2. Hard luck if you’re not an able-bodied white dude.
- Guess who’s a traitor? Is it the craven, malicious-looking hunchback with all the worst lines? CORRECT, ZERO POINTS TO GRYFFINDOR.
- Are you the most powerful woman in the city-state? Oop, too bad, you still get raped. Don’t worry, the movie will make it creepily sexual during and you get revenge after, so it’s sort of okay. Right?
- How about the only other woman in the movie? Haha, joke’s on you, slut – you’re only there to provide fetish fuel and move the plot (minutely) along. You don’t really even have a self.
- If you’re an old guy, don’t even bother; anything that comes out of your mouth is moronic and obsolete because you’re SO OLD UGH.
3. Homophobia is the name of the game
Pff, those Athenians with their democracy and culture and penchant for little boys. Never mind that Spartans were historically homosexual as well. There are too many jokes to be made about the oiled wall of rippling manflesh the camera so lovingly panned over for most of the group scenes in 300 even while the rhetoric of the movie was very anti-gay, to the point where there’s a (moronic, unnecessary) couple of throwaway lines about how Sparta’s not to be outdone by a bunch of pansy intellectuals. Hurr hurr boylovers, amirite?

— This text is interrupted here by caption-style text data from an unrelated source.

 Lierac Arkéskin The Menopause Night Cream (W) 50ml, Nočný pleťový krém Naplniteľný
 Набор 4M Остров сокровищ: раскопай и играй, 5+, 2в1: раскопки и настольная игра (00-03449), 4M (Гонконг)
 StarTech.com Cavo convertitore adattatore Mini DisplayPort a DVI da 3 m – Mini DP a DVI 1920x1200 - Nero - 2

4. Everything is a super-dramatic ultimatum
To the point where I completely stopped caring.
“Choose your next words carefully, Leonidas. They may be your last as king.”

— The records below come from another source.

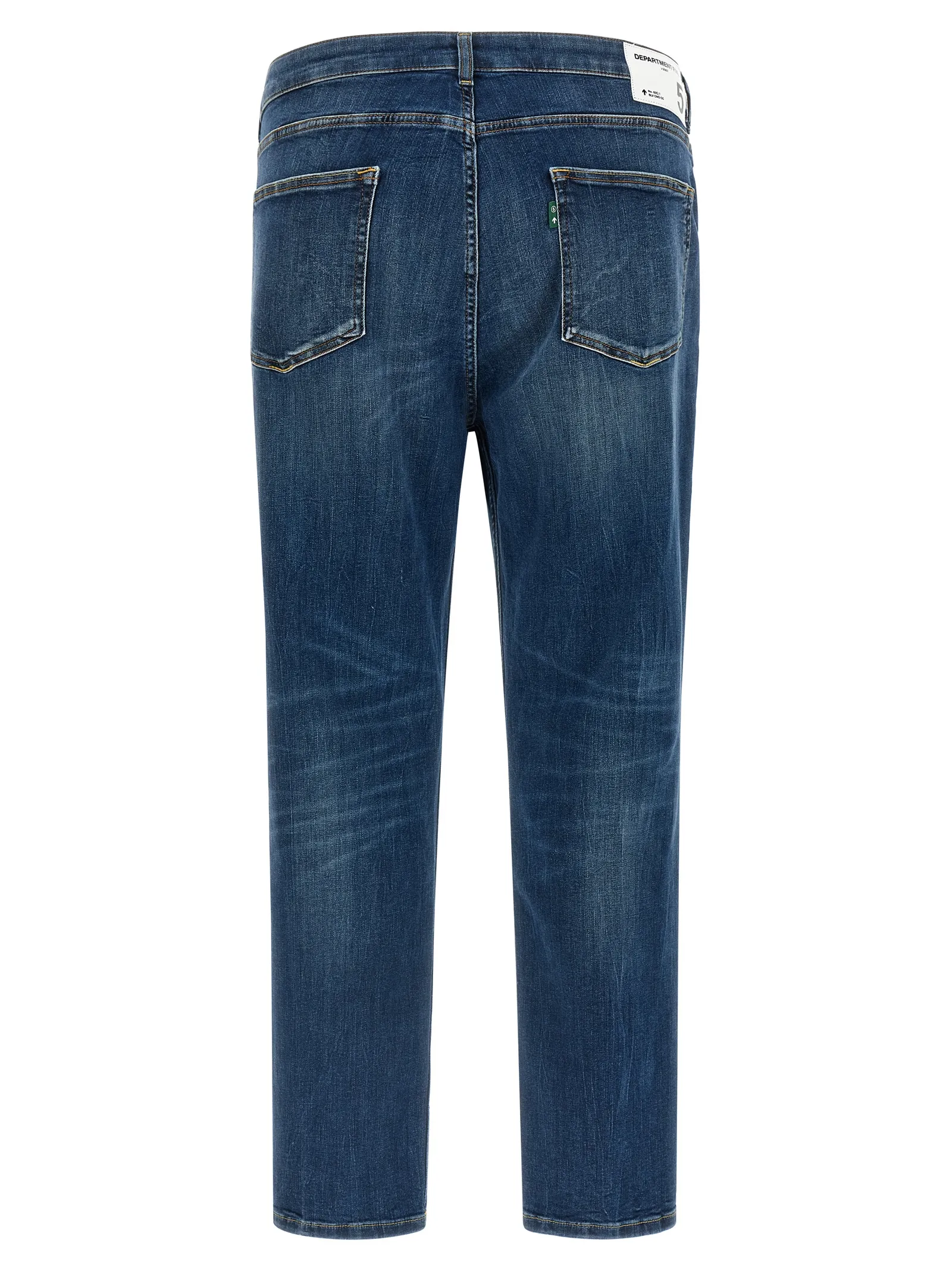 Cotton Cropped Men's Jeans - Department 5 - Modalova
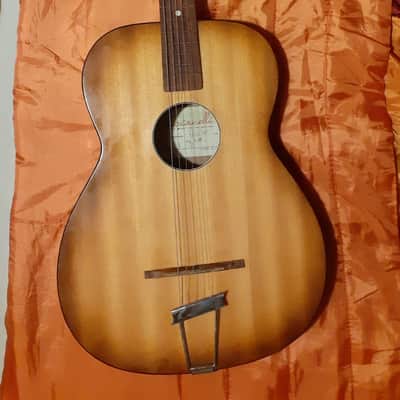 Crucianelli C20 1967 great and very rare acoustic italian vintage guitar unique! for collectors... image 1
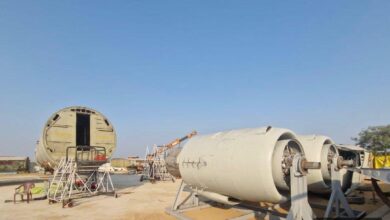 Photo of “नौसेना शौर्य वाटिका” का निर्माण करीब 65% पूरा, प्रमुख सैन्य उपकरण स्थापित किए जा रहे हैं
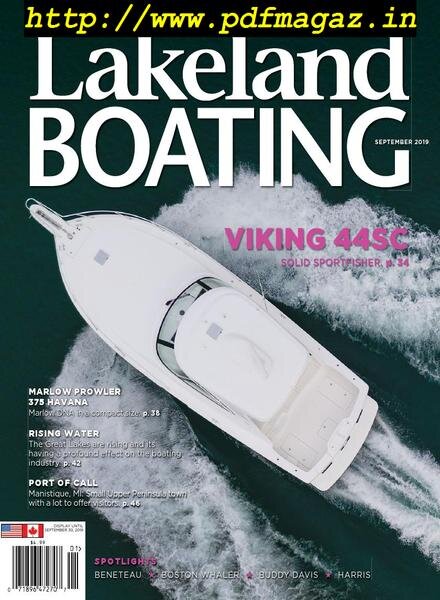 Lakeland Boating – September 2019 Cover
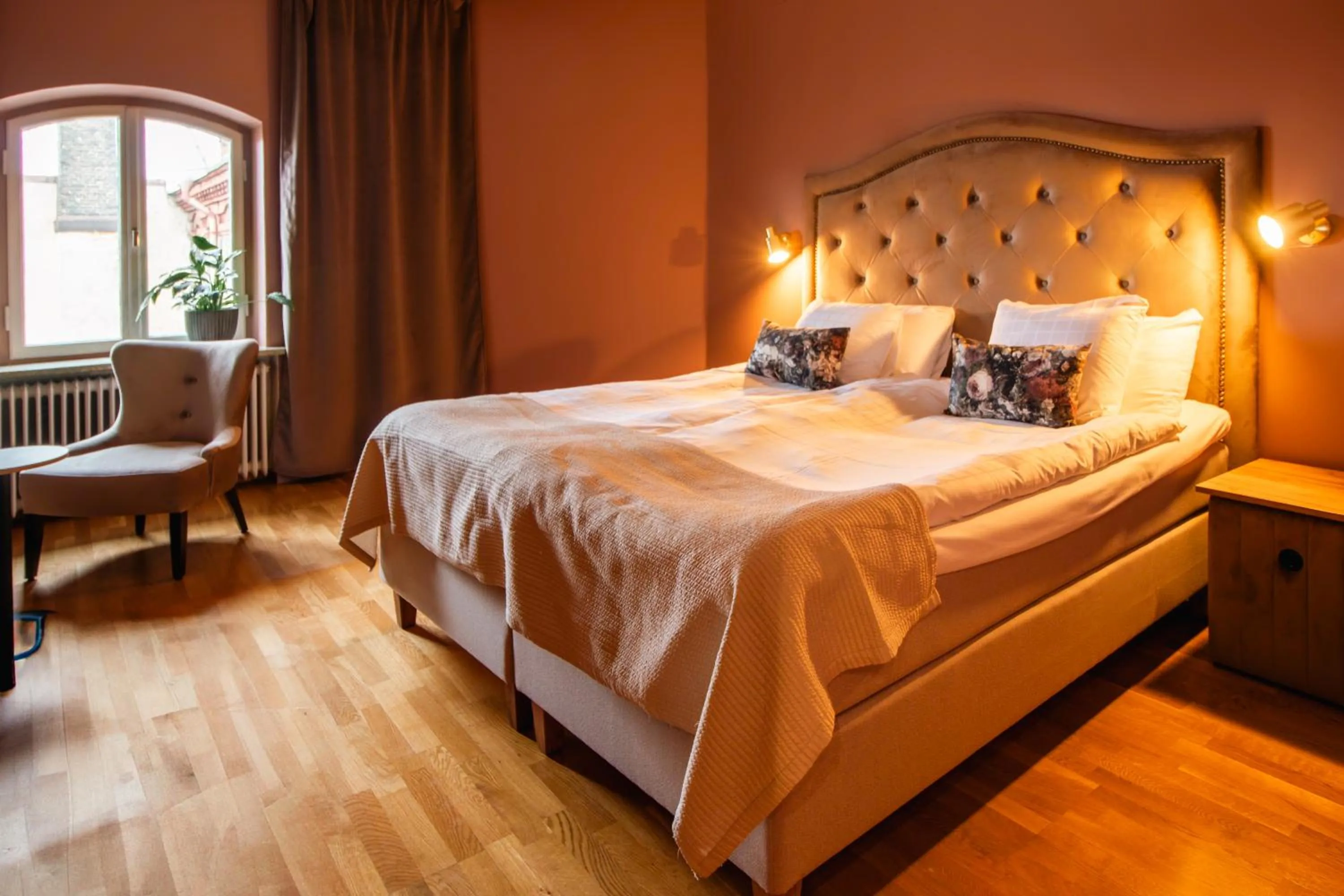 Deluxe Double Room in Karlskrona Stadshotell, Best Western Signature Collection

“Come back with your shield, or on it.”
“Our arrows will blot out the sun!”
Snore. Can I get a dialogue that isn’t just people barking at each other, ostensibly to up the tension of the scene? Oh wait, the only times that happened I completely lost interest in the film because it was so tedious in contrast. This movie won awards. SEVEN OF THEM. HOW.
5. It’s war-porn
You know, I like fight scenes in my movies. I enjoyed the sweeping, panoramic battle vistas of Lord of the Rings, I admit to repeatedly rewatching anime fight scenes on YouTube, and I thoroughly enjoy the skirmishes in BtVS, Supernatural, Fight Club, etc. 300 completely turned me off due to the insanely creepy, almost overtly pornographic glee the film radiated during the fight scenes. There might as well have had a blinking APPLAUSE sign on the screen whenever a Persian soldier was brutally eviscerated; the Spartans get tragic music and mournful slow shots because they’re the good guys I guess.

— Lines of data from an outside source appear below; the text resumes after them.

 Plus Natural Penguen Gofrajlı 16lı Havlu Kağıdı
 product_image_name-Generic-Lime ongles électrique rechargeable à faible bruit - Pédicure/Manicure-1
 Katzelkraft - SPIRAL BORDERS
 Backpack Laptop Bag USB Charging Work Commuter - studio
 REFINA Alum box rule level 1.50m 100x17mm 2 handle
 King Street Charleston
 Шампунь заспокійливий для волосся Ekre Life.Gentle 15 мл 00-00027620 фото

6. It’s supposed to appeal to my (nonexistent) female chauvinism?
Remember the aforementioned oiled wall of rippling manflesh? According to most people, that should be everything I need to toss the previous five points out the window, sit back, and enjoy the soft-core pornography like everyone else apparently did. Yes, that’s right: the go-to defense of this movie is plain old sexism. Virgin/whore dialectic, eat your heart out – clearly there’s no middle ground between being frigidly unmoved by the male body and slaveringly objectifying Xerxes and his gold manties. No room for critical interpretation in the female brain, so ruled by our feelings are we (when not rigidly adhering to societal standards of propriety of course). Never mind that maybe I like a man who’s got a brain, who always speaks his mind; what I’m being told is to overlook the fact that I hate what he’s saying and focus on the physical. Do I look like Sansa Stark to you?
All in all, I walked out of the cinema kinda happy that they all died, completely rendering the hard work and actually pretty great work the actors put into their roles entirely moot. Thanks, 300. You really should not have been born.